**What to work on**
Return the stretch from the line with "Just A Girl" through the line with "Quân khu 5 kiểm" in the data below, character for character, skipping all pictures.

**Material provided**
= = = = = = =

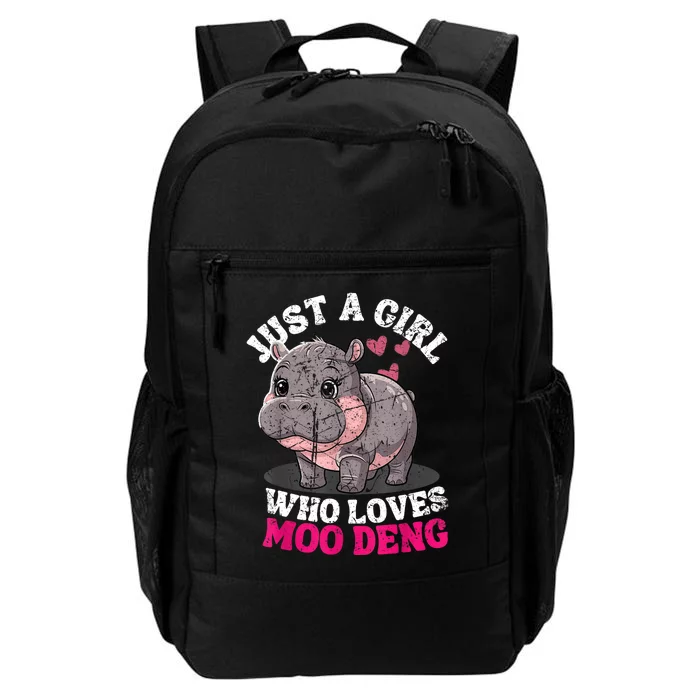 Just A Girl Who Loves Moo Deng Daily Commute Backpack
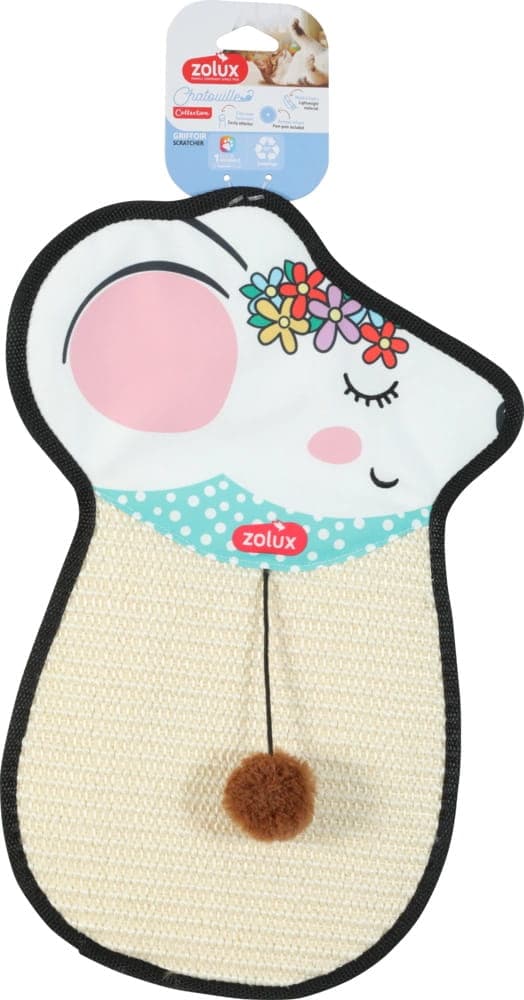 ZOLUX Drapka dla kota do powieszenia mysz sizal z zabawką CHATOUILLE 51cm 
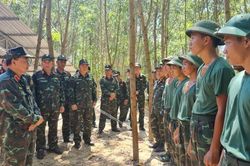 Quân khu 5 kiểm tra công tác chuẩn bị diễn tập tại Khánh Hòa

= = = = = = =

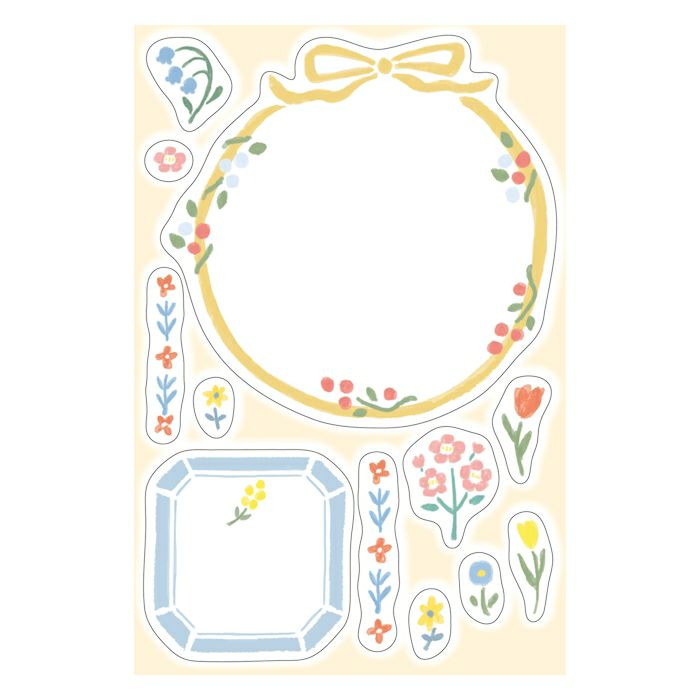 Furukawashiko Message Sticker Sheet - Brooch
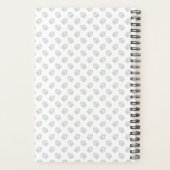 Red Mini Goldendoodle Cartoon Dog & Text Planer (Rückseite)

= = = = = = =

**Your solution**
 Just A Girl Who Loves Moo Deng Daily Commute Backpack
 ZOLUX Drapka dla kota do powieszenia mysz sizal z zabawką CHATOUILLE 51cm 
 Quân khu 5 kiểm tra công tác chuẩn bị diễn tập tại Khánh Hòa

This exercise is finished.